Sometimes, simple is the best way to go. With a little photo editing and the addition of a clear sticker, this photo of some candy apples I made became a cute Halloween card:

You don’t have to fill the card with the photo. White space is a great thing to keep in mind when designing with photos. Small photos can have an impact when used alone or in sets. Here I used 3 wallet sized photos along with seasonal embellishments:

And on this card, I used one large photo as a focal point and left a large amount of white space.  I added a few embellishments and a little hand stitching and bling for the skeleton eyes:

Here I used a 3 ½ x 5 photo like patterned paper and covered a tag base. Then I embellished over it :

Here are a few handy tips when working with photos for cards:

  • I find that scenic and detail photos work best.
  • Print them on matte photo paper.
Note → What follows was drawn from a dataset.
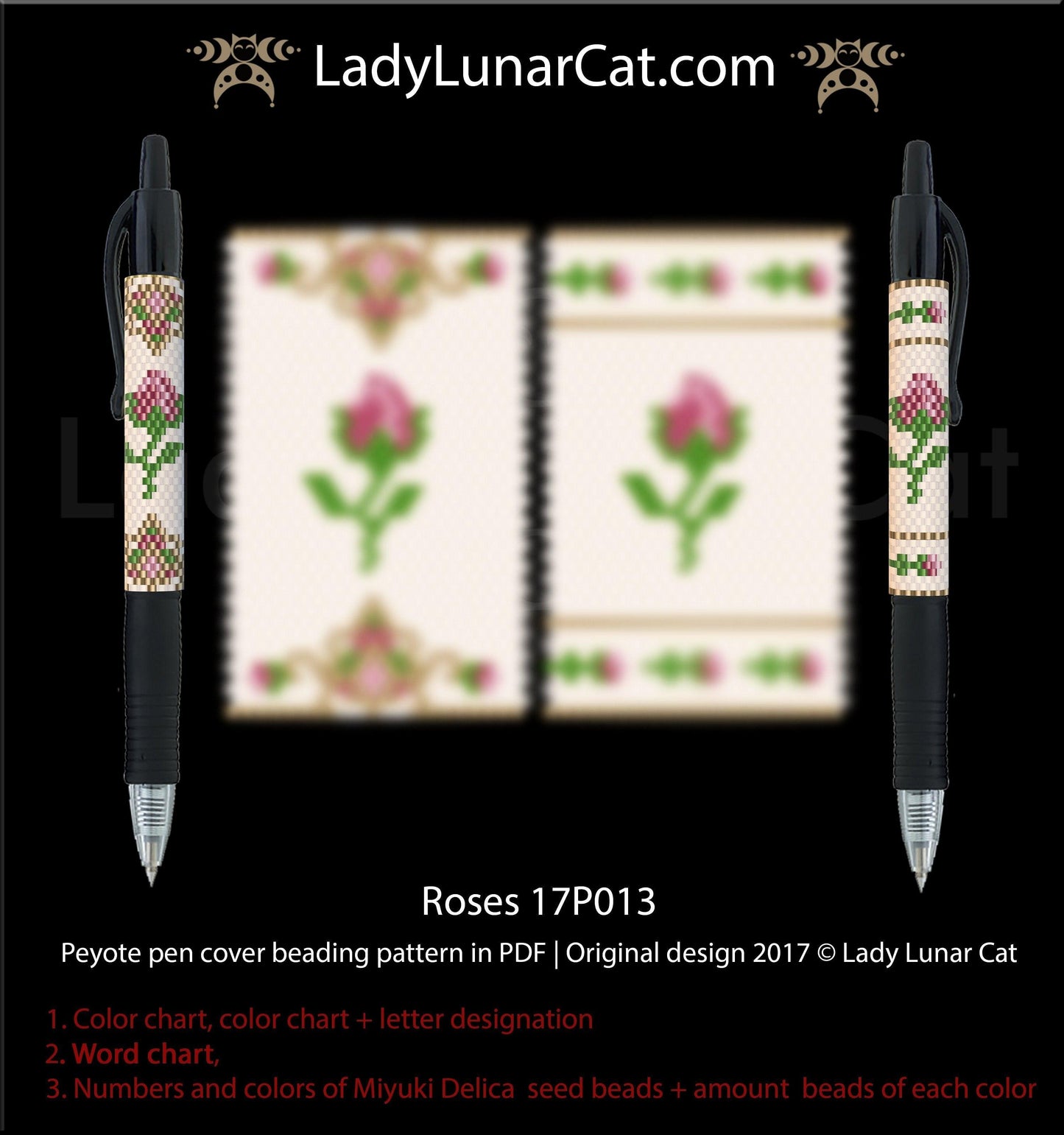 Peyote Roses Pen cover beading pattern 17P013 LadyLunarCat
You will avoid glare, fingerprints and scratches this way. Only have glossy? Think about using some vellum or a patterned transparency over the photos.
  • If you are going to embellish, select (or take) photos that have a good amount ‘open’ space so you can add product without taking away from the photo’s focal point.
  • Learn a few simple photo editing actions. You’d be amazed how you can transform a photo with a few simple clicks.

As you can see, it doesn’t take much to make fun cards with photos. I hope I’ve inspired you to use some of yours for card projects!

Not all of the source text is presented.